78443 Views 1049 Replies 50 Participants Last post by  jesselee20040
I have a build thread, but I'll probably get more insight in this section- this will only be the SFA part of my truck rebuild.

Here is the other thread- I'm not going to bother posting SFA stuff in there now.


Here is the blank slate for the 1987 Wagoneer front and 1994 Isuzu Rodeo rear. I'm going to run 35x12.5R15 BFG KM2 tires and keep the 4.30 gear ratio and Trac-lok limited slip front and back.
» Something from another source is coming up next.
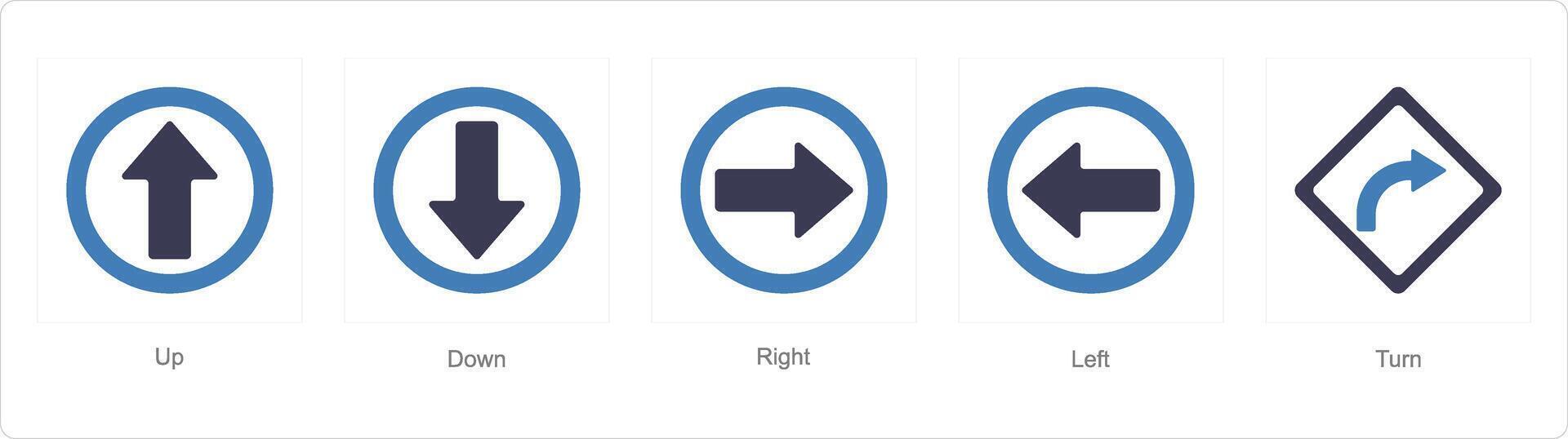 A set of 5 Direction icons as up, down, right vector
I plan to use an astro steering box with a wagoneer pitman arm, but I'm not going to know for sure until I mount the front axle.

The Rodeo dana44 seems to be in good shape, even the brake pads look brand new, I think I will be OK to just clean it up and re-grease/lube everything and paint it before putting it in.

zip ties on the calibres

I cut the old perches off and smoothed it out

I ordered this kit from 4wdfactory.com

8-11-92 is the date stamped into this differential cover.

I'm going to try and keep the stock leaf springs and make new shackles to adjust the rear height to match the front.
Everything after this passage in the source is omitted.